Cass. com., 20 octobre 2021, n° 20-11.095
COUR DE CASSATION
Arrêt
Cassation
COMPOSITION DE LA JURIDICTION
Président :
M. Rémery
Avocats :
Me Carbonnier, SCP Thouin-Palat et Boucard
Faits et procédure
1. Selon l'arrêt attaqué (Paris, 21 novembre 2019), la société BM & VT a été constituée à parts égales entre M. [T], son gérant depuis le 15 juin 2011, et Mme [H]. L'article 17 de ses statuts prévoyait que, dans l'hypothèse où le gérant souhaiterait retirer l'avance en compte courant qu'il aurait effectuée, ses conditions de retrait et de rémunération seraient fixées par décision collective des associés.
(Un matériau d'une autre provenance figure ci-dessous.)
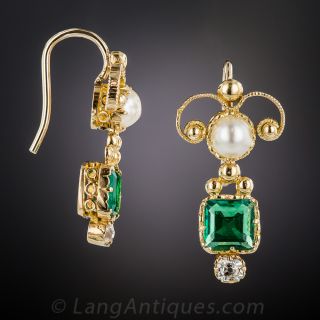 Antique Emerald, Pearl and Diamond Earrings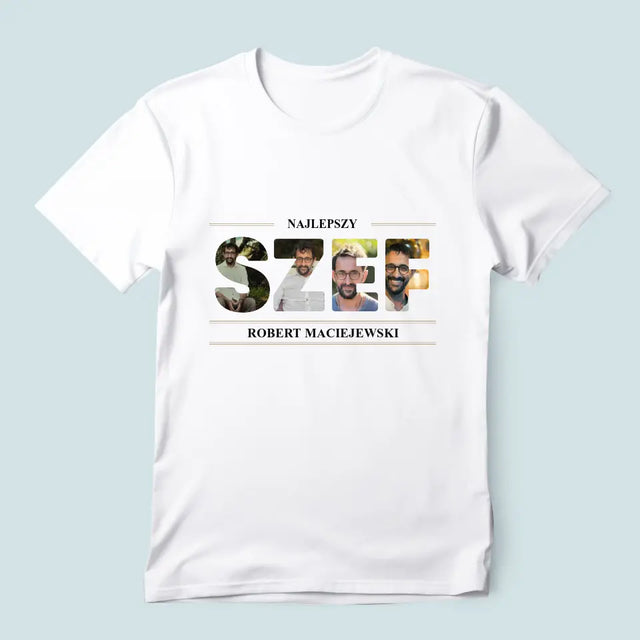 Słowo Ze Zdjęć: Najlepszy Szef 2 - Koszulka Męska z Nadrukiem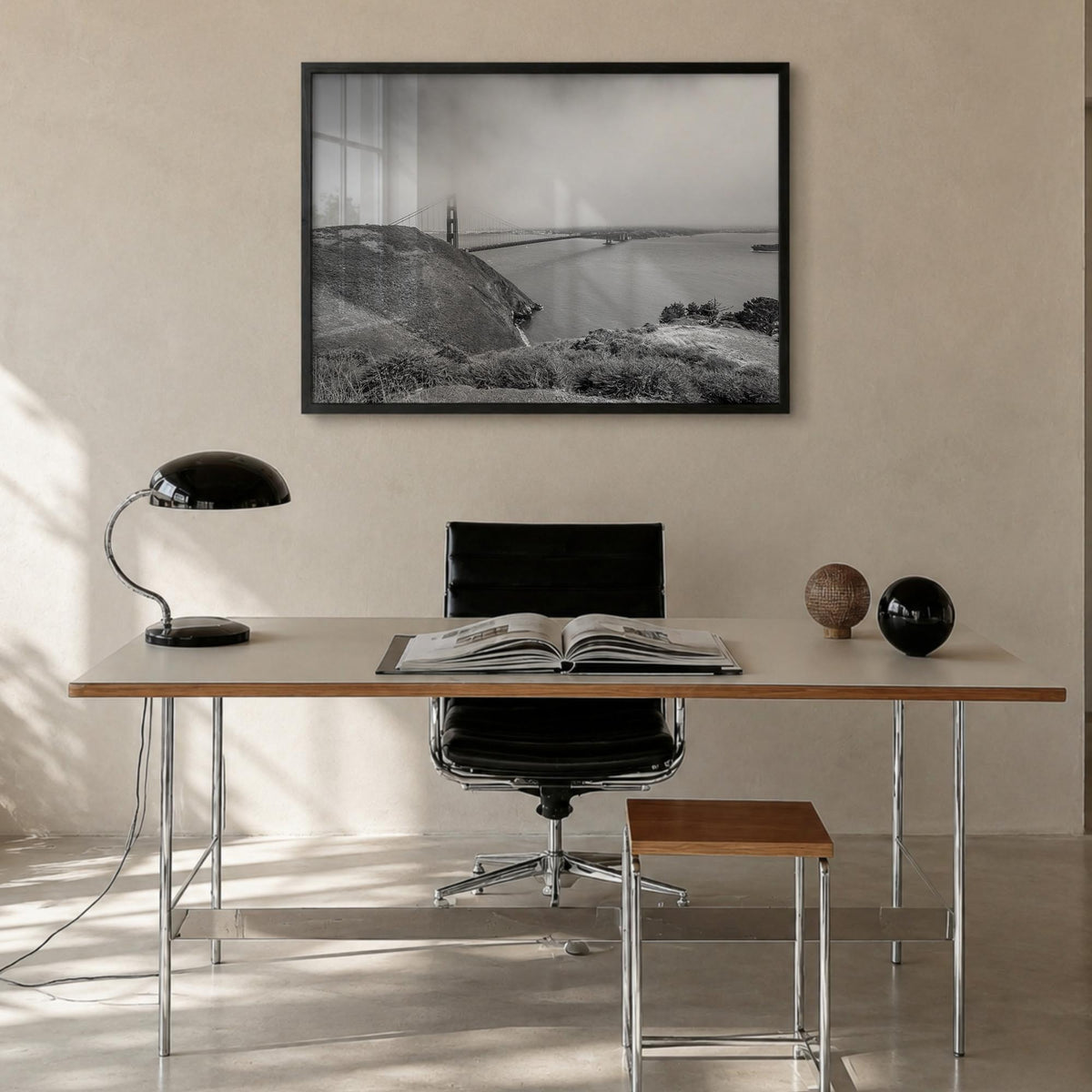 Mill Valley black & white photo poster of California, USA – horizontal wall art in black wood frame, hanging on wall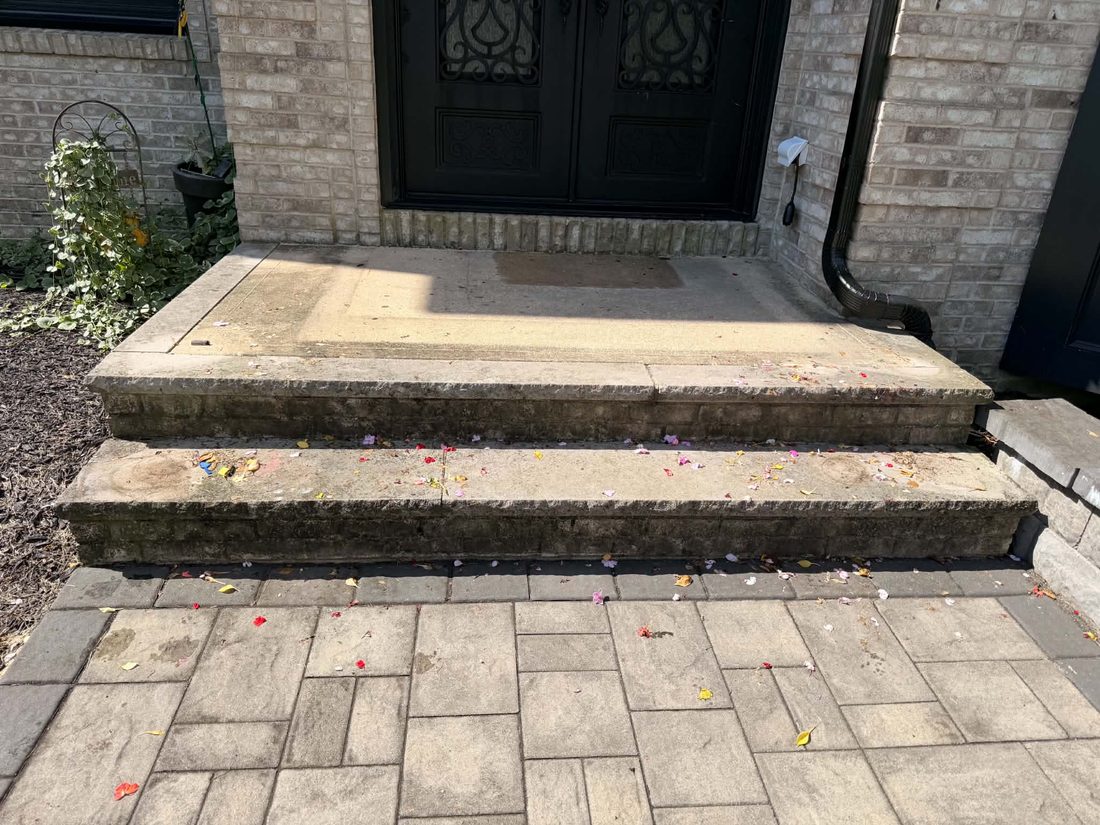 Front steps stained and covered in debris before cleaning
M. [T] a procédé le 19 décembre 2014 au remboursement de son compte courant d'associé.
2. La société BM & VT a été mise en liquidation judiciaire le 12 mai 2015, la société MJA étant désignée liquidateur et la date de cessation des paiements fixée au 28 avril 2015. Le liquidateur a recherché la responsabilité pour insuffisance d'actif du dirigeant.
Examen du moyen
Sur le moyen, pris en ses première et troisième branches, ci-après annexé
3. En application de l'article 1014, alinéa 2, du code de procédure civile, il n'y a pas lieu de statuer par une décision spécialement motivée sur ce moyen qui n'est manifestement pas de nature à entraîner la cassation.
Mais sur le moyen, pris en sa deuxième branche
Enoncé du moyen
4. La société MJA, ès qualités, fait grief à l'arrêt de la débouter de ses demandes, alors « que le remboursement du compte courant d'associé constitue une faute de gestion même si la société dispose sur le moment des liquidités suffisantes pour y procéder puisque, intervenant dans un contexte de difficultés financières, il prive la société de la trésorerie nécessaire au paiement de ses créanciers et à son activité ; que pour écarter la responsabilité du gérant au titre de l'insuffisance d'actif, la cour d'appel a retenu qu'au jour où il a été procédé au retrait du compte courant du gérant, les comptes bancaires de la société BM & VT présentaient un solde créditeur d'une somme supérieure au montant du remboursement ; qu'en statuant ainsi, par un motif impropre à écarter une faute de gestion, la cour d'appel a violé l'article L. 651-2 du code de commerce. »
Réponse de la Cour
Vu l'article L. 651-2 du code de commerce :
5. Selon ce texte, lorsque la liquidation judiciaire d'une personne morale fait apparaître une insuffisance d'actif, le tribunal peut, en cas de faute de gestion ayant contribué à cette insuffisance d'actif, décider que le montant de celle-ci sera supporté, en tout ou en partie, par tous les dirigeants de droit ou de fait, ou par certains d'entre eux, ayant contribué à la faute de gestion.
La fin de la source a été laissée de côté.